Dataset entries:
BEGIN
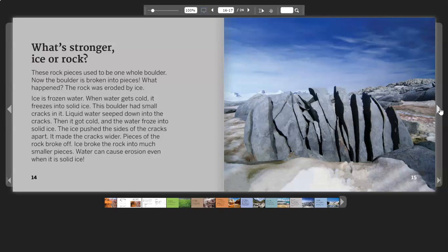The ice pushed the sides of the cracks apart. It made the cracks wider. Pieces of the rock broke off. Ice broke the rock into much smaller pieces. Water can cause erosion even when it is solid ice.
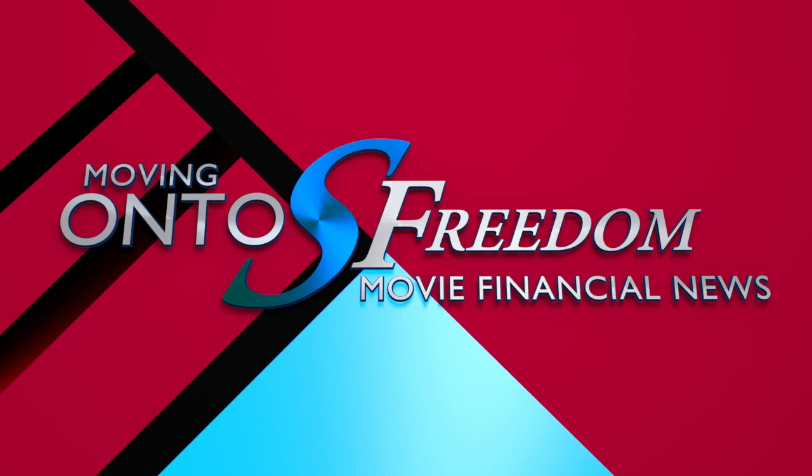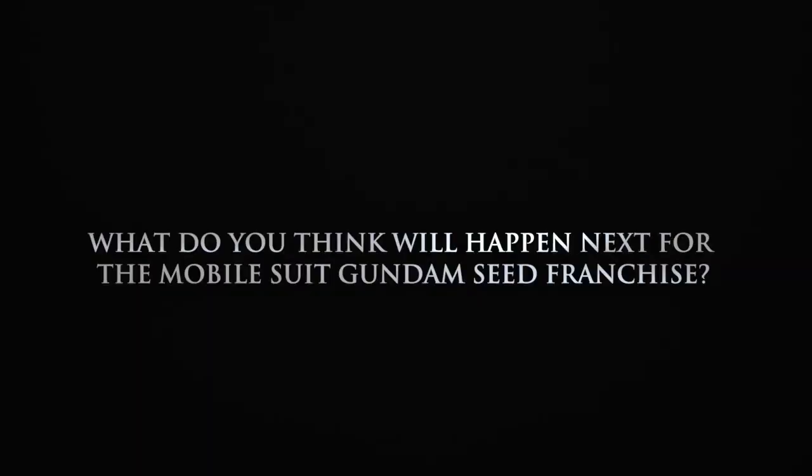What do you think will happen next for the Mobile Suit Gundam Seed franchise? Leave a comment below this video!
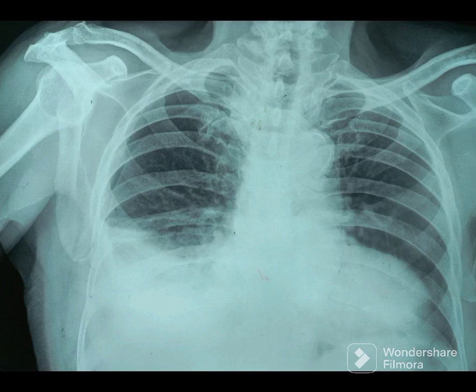Welcome to chest X-ray mastery. You will be provided 15 seconds to look at the displayed chest X-ray and make your impression. At the end we will provide key findings and diagnosis. Your time starts now.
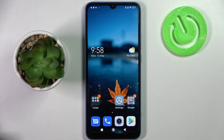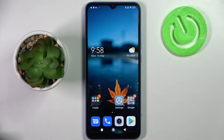Hi! In front of me is the Xiaomi Redmi 10C, and today I would like to show you how you can check all specifications of this device.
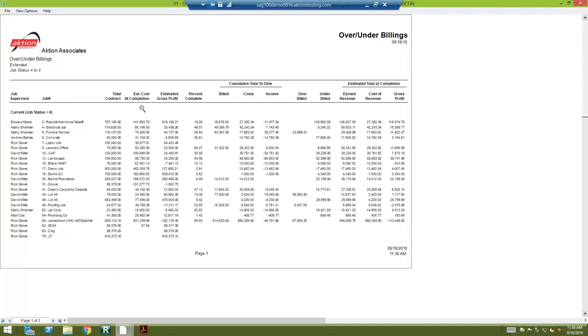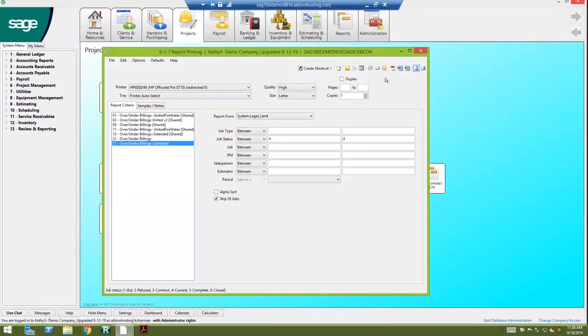Estimated cost of completion, percent complete, and then if you go over to the right a few columns, you're able to see your over build and your under build. So if you're booking that information on your balance sheet as assets or liabilities, you would be able to just run this and get that information.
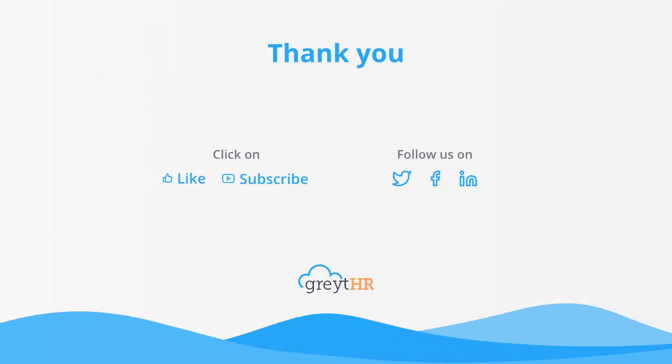With that, we come to an end. Please like and subscribe to this channel to get updates about our upcoming videos.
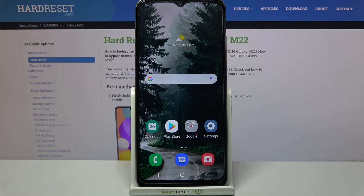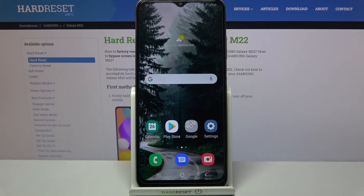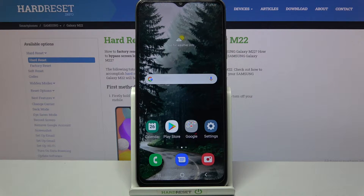Hi! In front of me is Samsung Galaxy M22 and today I would like to show you how you can open apps in pop-up view on this device.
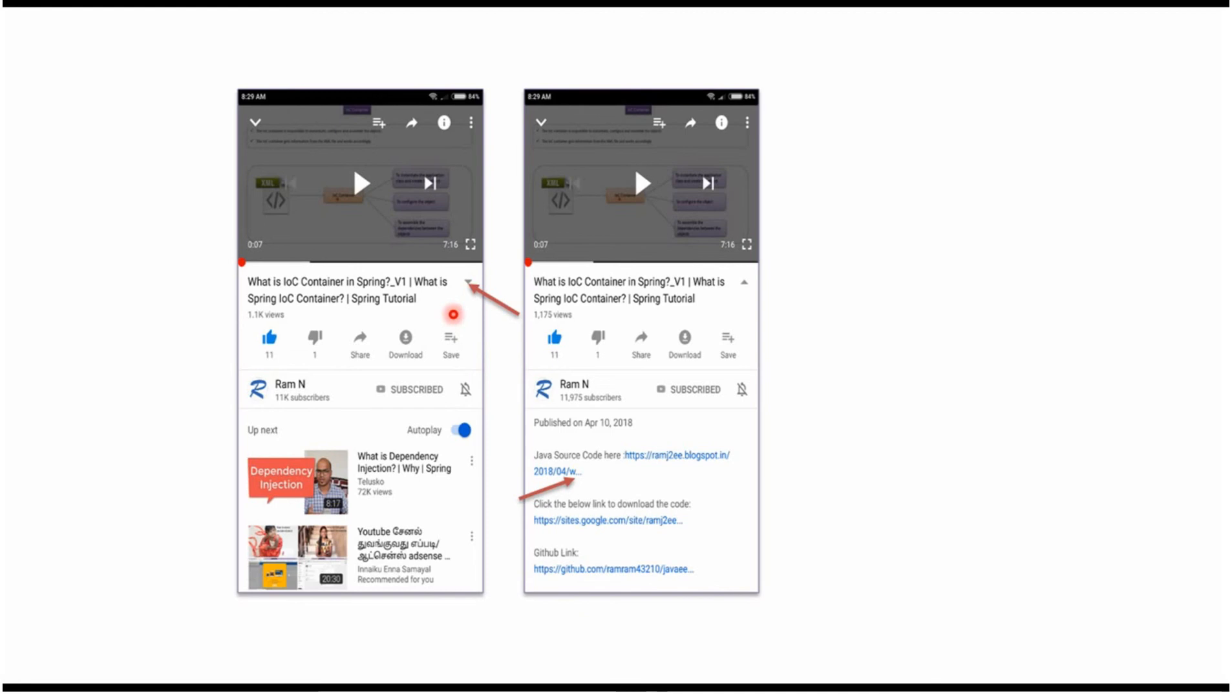You can get Java source code link from the description of the video. In mobile, to see the description, click on this icon. It will expand like this and here you can see the description. It contains Java source code links. Click on these links to get the Java source code.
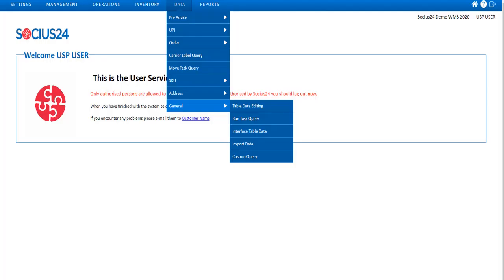As a member of the order placement team, I can load orders directly into dispatcher WMS via the USP using the import data functionality.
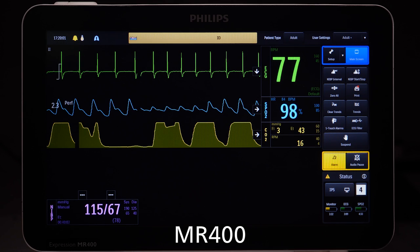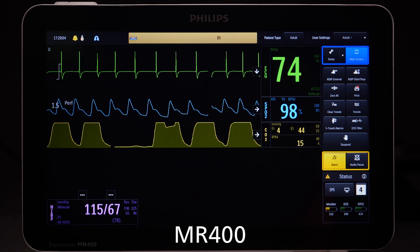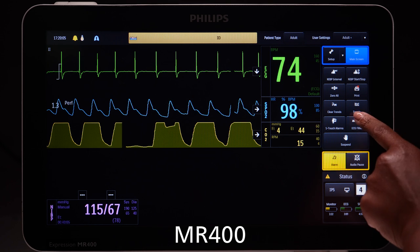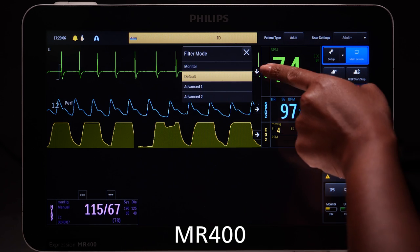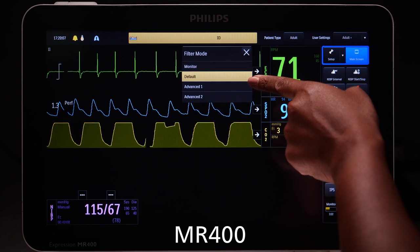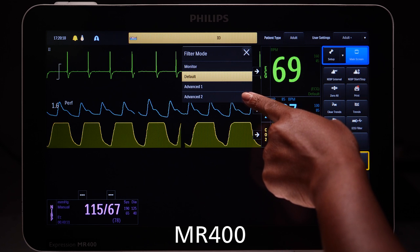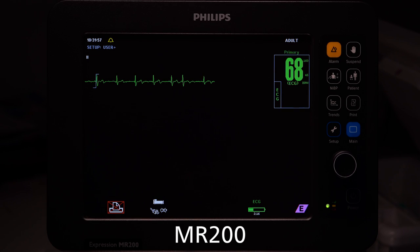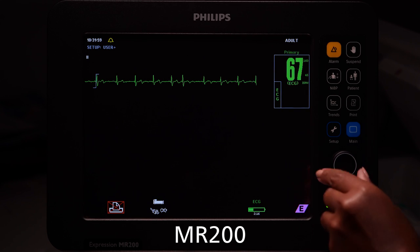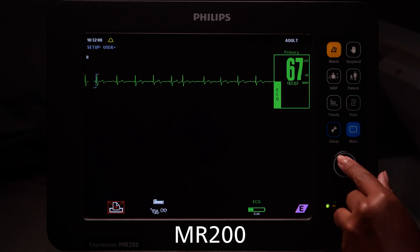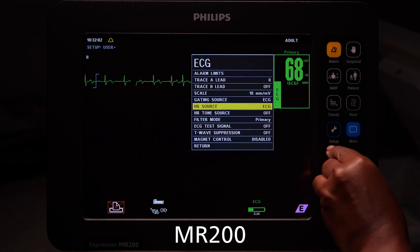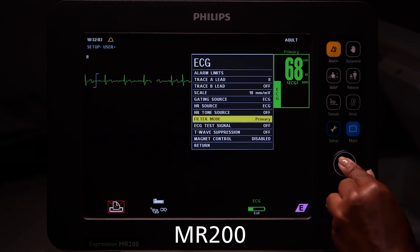As mentioned in the ECG training video on the MR400, Advance 1 filter is the recommended filter for cardiac gating, followed by Advance 2 filter. On the MR200, cardiac filter in Lead 2 is the recommended filter, followed by Advance filter.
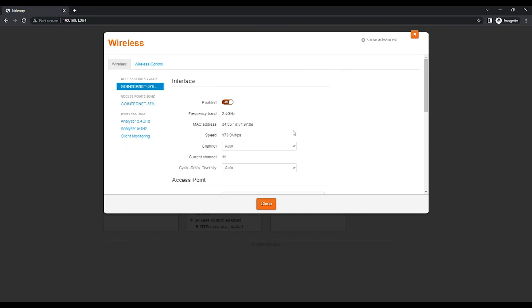You will see Channel under the Interface section with a drop-down menu. Change Channel Selection from Auto to a specific channel from the drop-down list. Ideally, Channel 1, 6, or 11 is selected.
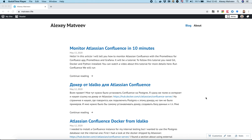Hello, my name is Alexey Matveev and in this video I will show you how to setup monitoring of Atlassian Confluence with Prometheus, the Prometheus for Confluence Add-on, and Grafana.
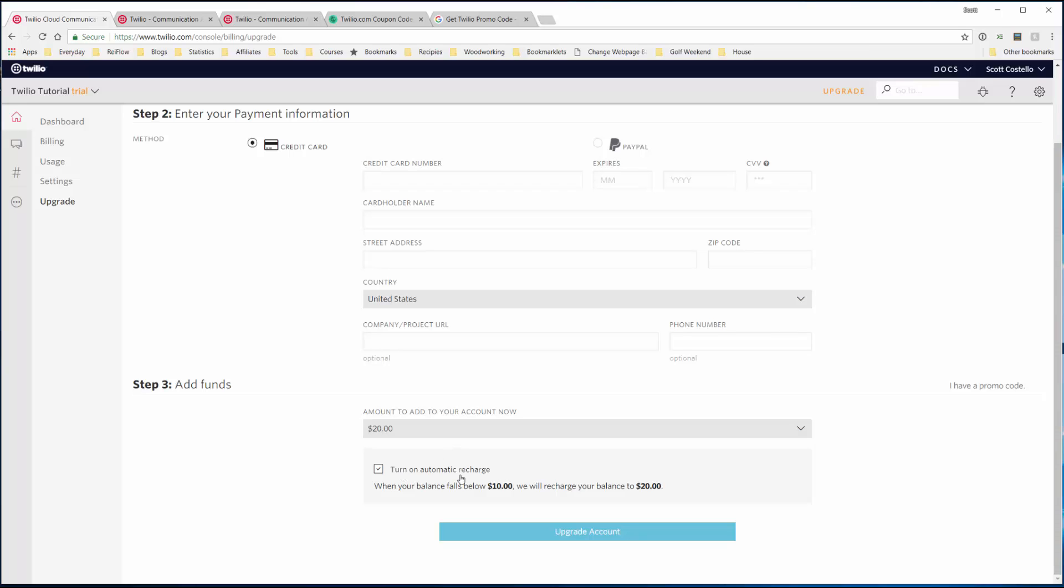Now we can turn on automatic recharge, which I prefer because I don't want to keep track of the $20. When it falls below $10, it just recharges back to $20. Easy peasy.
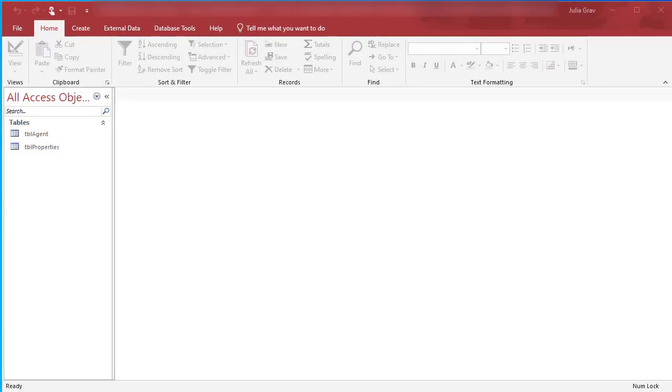Welcome. In this video, I'm going to show you how to create single and multi-item forms. We're going to do two forms. So let's get started here.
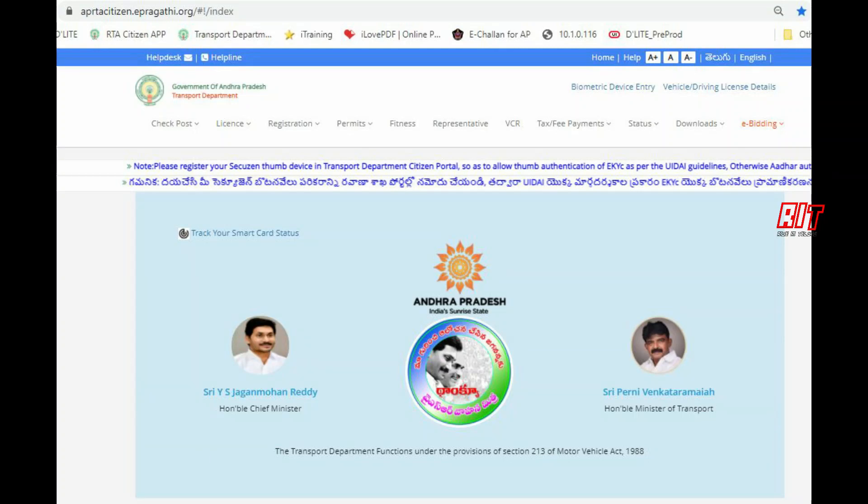Hi friends, welcome to Radiant Telegu Channel. I would like to know that the COVID situation is a very important issue with people.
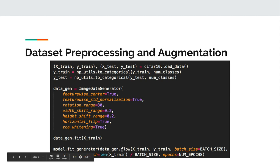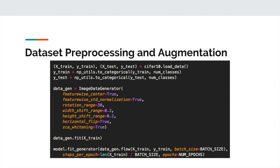You use datagen.flow, give it the input x and y and a batch size, and it keeps generating batches. You should define steps per epoch as your training set size divided by batch size - that way you're not infinitely training your model. Using just these lines of code, you can drastically improve the size of your training set.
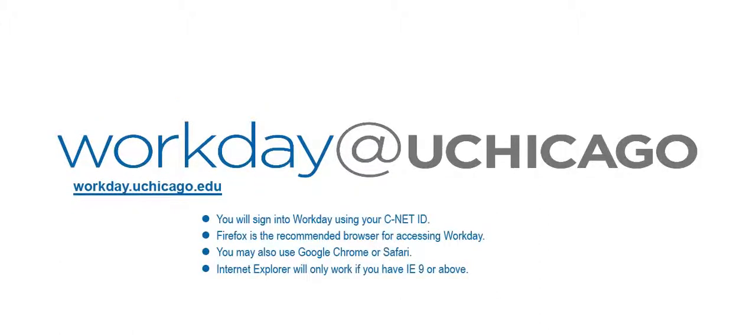You will sign into Workday using your CNET ID. Please note that Firefox is the recommended browser for accessing Workday. You may also use Google Chrome or Safari. Internet Explorer will only work if you have IE9 or above.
END
EXERCISE INSTRUCTIONS:
Every record gets retyped exactly; no picture goes into the copy.

SOLUTION:
The ice pushed the sides of the cracks apart. It made the cracks wider. Pieces of the rock broke off. Ice broke the rock into much smaller pieces. Water can cause erosion even when it is solid ice.
What do you think will happen next for the Mobile Suit Gundam Seed franchise? Leave a comment below this video!
Welcome to chest X-ray mastery. You will be provided 15 seconds to look at the displayed chest X-ray and make your impression. At the end we will provide key findings and diagnosis. Your time starts now.
Hi! In front of me is the Xiaomi Redmi 10C, and today I would like to show you how you can check all specifications of this device.
Estimated cost of completion, percent complete, and then if you go over to the right a few columns, you're able to see your over build and your under build. So if you're booking that information on your balance sheet as assets or liabilities, you would be able to just run this and get that information.
With that, we come to an end. Please like and subscribe to this channel to get updates about our upcoming videos.
Hi! In front of me is Samsung Galaxy M22 and today I would like to show you how you can open apps in pop-up view on this device.
You can get Java source code link from the description of the video. In mobile, to see the description, click on this icon. It will expand like this and here you can see the description. It contains Java source code links. Click on these links to get the Java source code.
As a member of the order placement team, I can load orders directly into dispatcher WMS via the USP using the import data functionality.
As mentioned in the ECG training video on the MR400, Advance 1 filter is the recommended filter for cardiac gating, followed by Advance 2 filter. On the MR200, cardiac filter in Lead 2 is the recommended filter, followed by Advance filter.
You will see Channel under the Interface section with a drop-down menu. Change Channel Selection from Auto to a specific channel from the drop-down list. Ideally, Channel 1, 6, or 11 is selected.
Hello, my name is Alexey Matveev and in this video I will show you how to setup monitoring of Atlassian Confluence with Prometheus, the Prometheus for Confluence Add-on, and Grafana.
Now we can turn on automatic recharge, which I prefer because I don't want to keep track of the $20. When it falls below $10, it just recharges back to $20. Easy peasy.
Welcome. In this video, I'm going to show you how to create single and multi-item forms. We're going to do two forms. So let's get started here.
Hi friends, welcome to Radiant Telegu Channel. I would like to know that the COVID situation is a very important issue with people.
You use datagen.flow, give it the input x and y and a batch size, and it keeps generating batches. You should define steps per epoch as your training set size divided by batch size - that way you're not infinitely training your model. Using just these lines of code, you can drastically improve the size of your training set.
You will sign into Workday using your CNET ID. Please note that Firefox is the recommended browser for accessing Workday. You may also use Google Chrome or Safari. Internet Explorer will only work if you have IE9 or above.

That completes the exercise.